Part of the joy for these small company executives is in the collecting itself. One company's executive relies on both the suggestions of a New York City art consultant and his own diligence in following art media. Another company deliberately set out to build a collection that expresses the heritage and ethos of the region in which it is located.
Although the collections in this essay range in value from $20,000 to $2 million, most CEOs don't see their art primarily as an investment. Nor do privately held companies have to justify art expenditures to stockholders or directors who may be as concerned about the image the art projects as they are about the prudence of the investment. The result is more freedom for CEOs to collect whatever they like, for whatever reasons they choose. As one CEO says about his art: "The big reason it's there is because I enjoy it -- and I'm president of the company."
PACESETTER CORP.
It took Philip Schrager, chief executive officer of a home improvement products company in Omaha, several years of just looking at art before he decided to make his first purchase. Since then, he has acquired about 150 paintings and sculptures that are now valued at over $2 million. In the process, Pacesetter Corp., a $50 million public company, has come to look more like an art gallery than a business -- a comparison that Schrager openly welcomes. "Our collection sets us apart," he says. "It's an example of the company spirit."

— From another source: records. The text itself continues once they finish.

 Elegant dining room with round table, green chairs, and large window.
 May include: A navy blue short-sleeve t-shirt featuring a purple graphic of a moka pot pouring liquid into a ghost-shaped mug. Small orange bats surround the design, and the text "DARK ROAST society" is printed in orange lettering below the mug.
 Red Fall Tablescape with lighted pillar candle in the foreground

A visitor walking through Pacesetter's main building, located in an industrial section of the city, would find himself confronted with an assortment of abstract contemporary paintings, including minimal art that can look, to the inexperienced eye, like a jumble of splashy colors, geometric shapes, and sculptures that some would say belong as props in a science-fiction film. The minimal period of art, Schrager acknowledges, is "pretty difficult to get into and appreciate. But once I did, my appreciation kept growing."
Schrager relies on a New York City art consultant to recommend pieces, but, in the end, it is Schrager who decides which pieces to acquire. Schrager's collection spills over into a factory next to the main office, his home, and even his Lear jet, whose exterior was painted by a minimalist artist whose works figure prominently in the company's collection. "Art collecting is a passion for me," Schrager says, then adds jokingly, "Let's put it this way. If it came down to a choice between certain paintings and certain employees, I would choose the art."
EDWARD W. DUFFY & CO.
The two warehouses of Edward W. Duffy & Co. -- a small industrial distributor of valves, pipe, and fittings -- are hardly the place where one would expect to find an art collection so impressive that it was recently included in an anthology of corporate art collectors.
But within the warehouse space, located in southwest Detroit, are more than 100 pieces of what James Duffy Jr., president of the company, calls "aggressive art." Almost without exception, the sculptures, paintings, and murals are done by artists from Detroit's inner city, who have taken both their materials and their inspiration from the city's deteriorating neighborhoods. In addition to sculptures that are made from such components as old pipe, jagged wire, rags, plywood, glass fiber, plastic, epoxy resin, and various metals there are three murals, one of an empty rowboat 22 feet long and 10 feet high, and another, three times that big, of an industrial pipe. "I have been here many years, and the property represents me in some sense," Duffy says. "So does the art. It's certainly of our time.